Excerpted data -
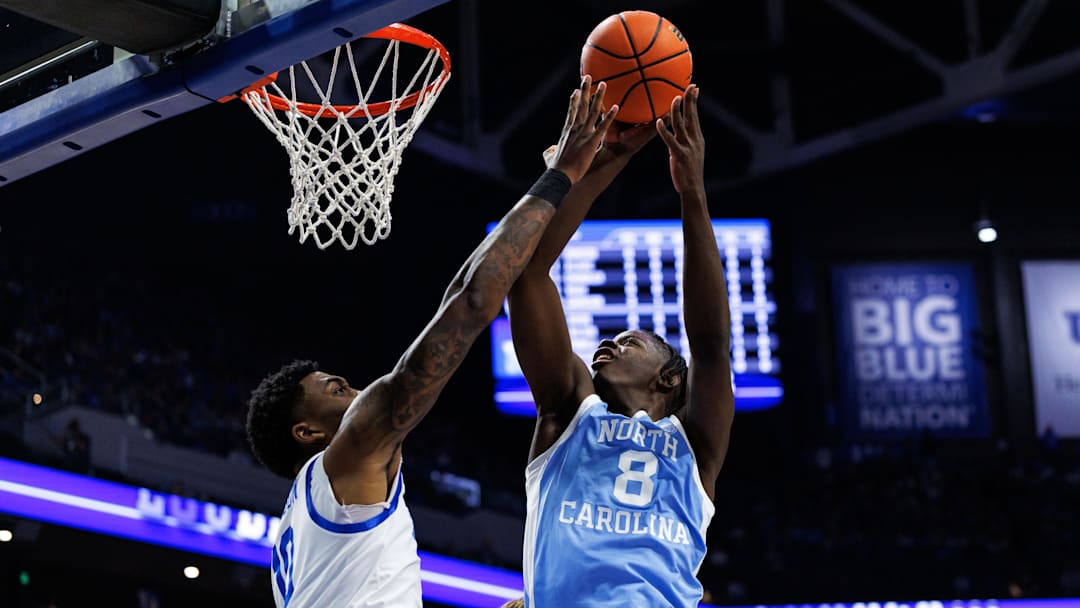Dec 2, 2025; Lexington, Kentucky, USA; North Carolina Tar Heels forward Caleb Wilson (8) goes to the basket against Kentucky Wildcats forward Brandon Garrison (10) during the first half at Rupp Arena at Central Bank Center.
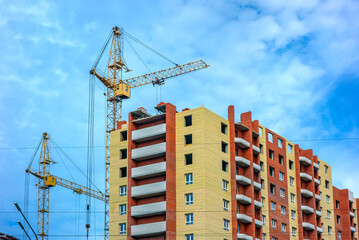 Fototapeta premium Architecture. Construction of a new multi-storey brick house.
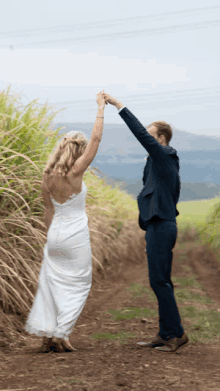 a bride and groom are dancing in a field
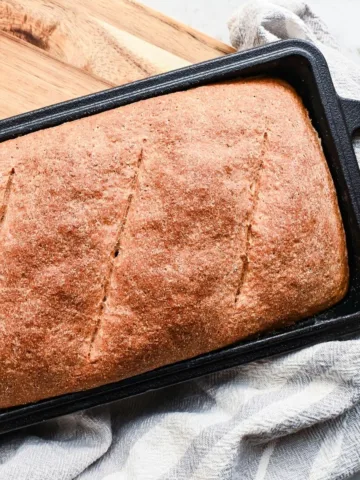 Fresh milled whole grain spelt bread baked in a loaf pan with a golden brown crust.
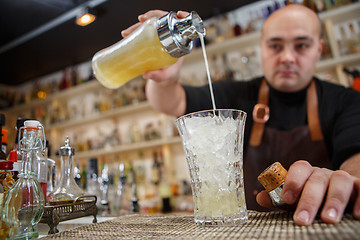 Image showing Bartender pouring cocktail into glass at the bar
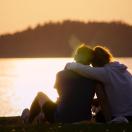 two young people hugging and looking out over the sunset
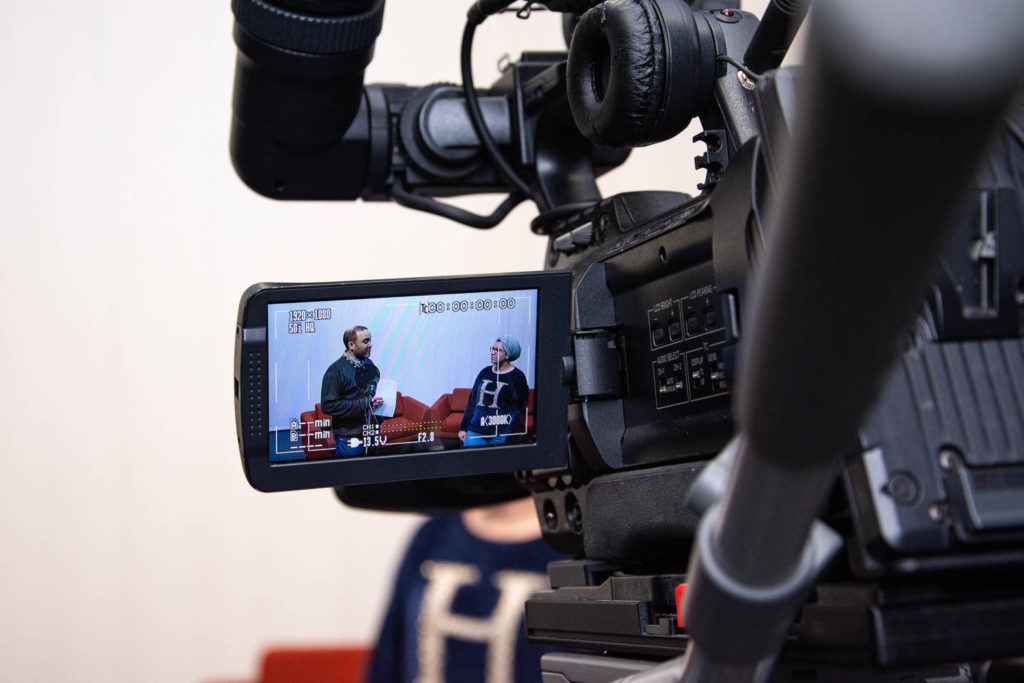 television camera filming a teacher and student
==
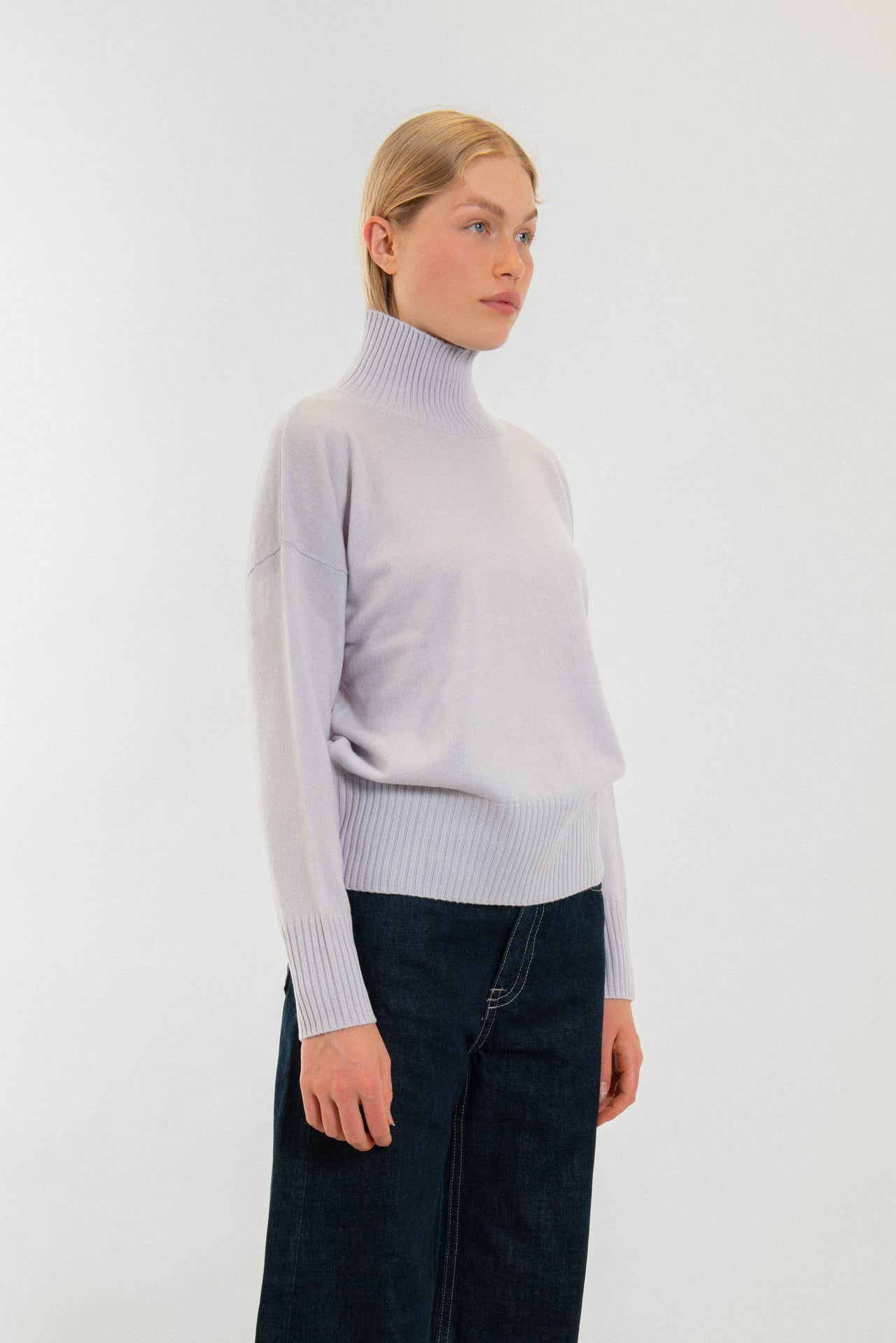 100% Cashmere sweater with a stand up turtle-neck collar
--
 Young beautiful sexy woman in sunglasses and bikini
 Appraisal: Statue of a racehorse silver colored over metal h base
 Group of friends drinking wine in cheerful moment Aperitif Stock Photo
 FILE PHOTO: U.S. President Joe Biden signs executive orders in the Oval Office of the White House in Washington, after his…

Task goal - In the records above, everything from the line with "Image showing Bartender" down to the line with "television camera filming" must be duplicated exactly, both lines kept. Leave no pictures in.

Worked solution -
 Image showing Bartender pouring cocktail into glass at the bar
 two young people hugging and looking out over the sunset
 television camera filming a teacher and student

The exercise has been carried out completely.